Work to complete
Please return the lines below verbatim, beginning at the one that has "This Crockpot White" and stopping after the one that has "a swimming pool", and add no other lines.

Supplied data
>>>>

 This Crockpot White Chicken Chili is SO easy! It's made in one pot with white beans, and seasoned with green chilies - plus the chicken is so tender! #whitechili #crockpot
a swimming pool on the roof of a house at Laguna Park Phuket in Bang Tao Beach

<<<<
>>>>

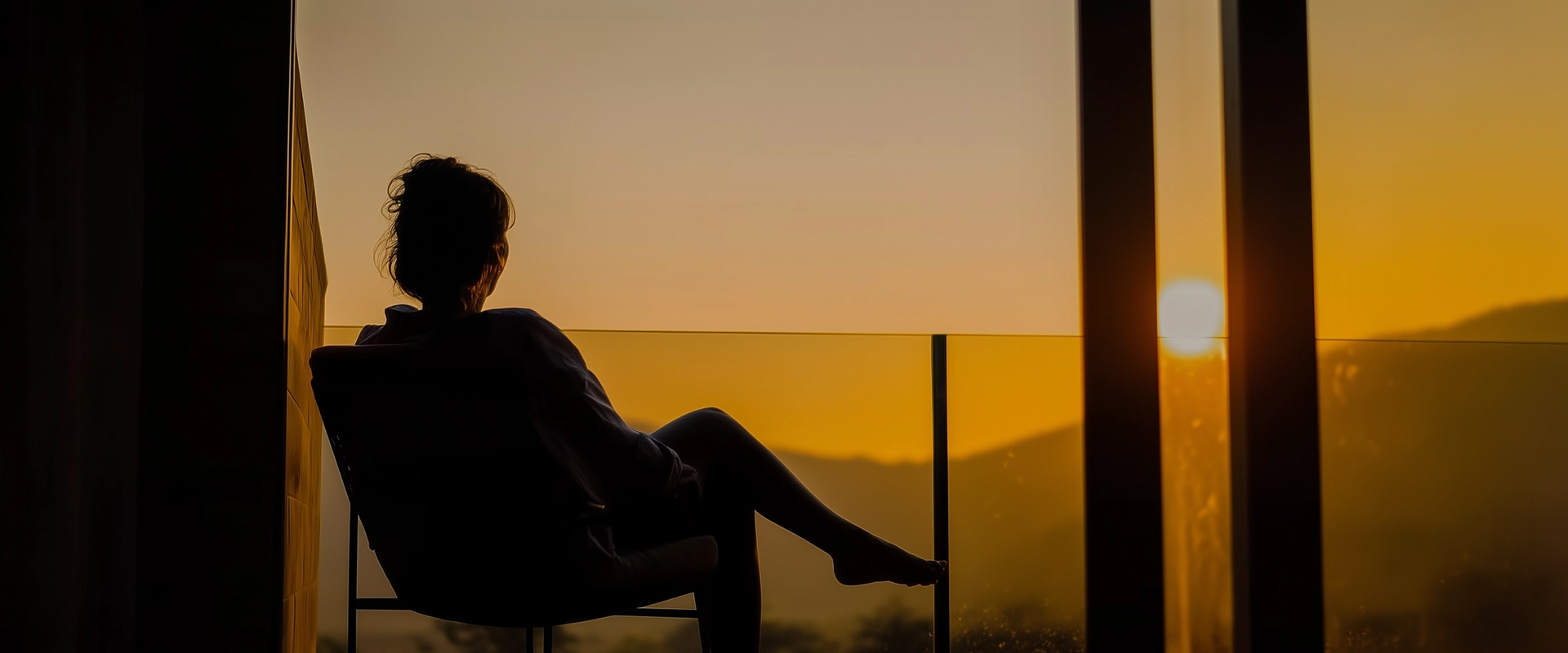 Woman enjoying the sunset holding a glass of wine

<<<<
>>>>

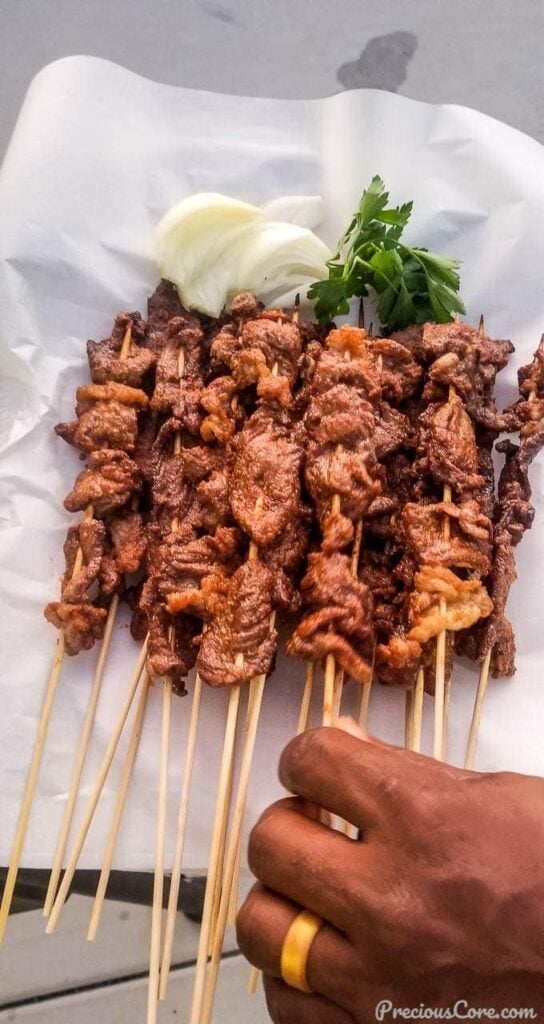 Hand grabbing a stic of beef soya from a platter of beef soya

<<<<

Answer to this problem
 This Crockpot White Chicken Chili is SO easy! It's made in one pot with white beans, and seasoned with green chilies - plus the chicken is so tender! #whitechili #crockpot
a swimming pool on the roof of a house at Laguna Park Phuket in Bang Tao Beach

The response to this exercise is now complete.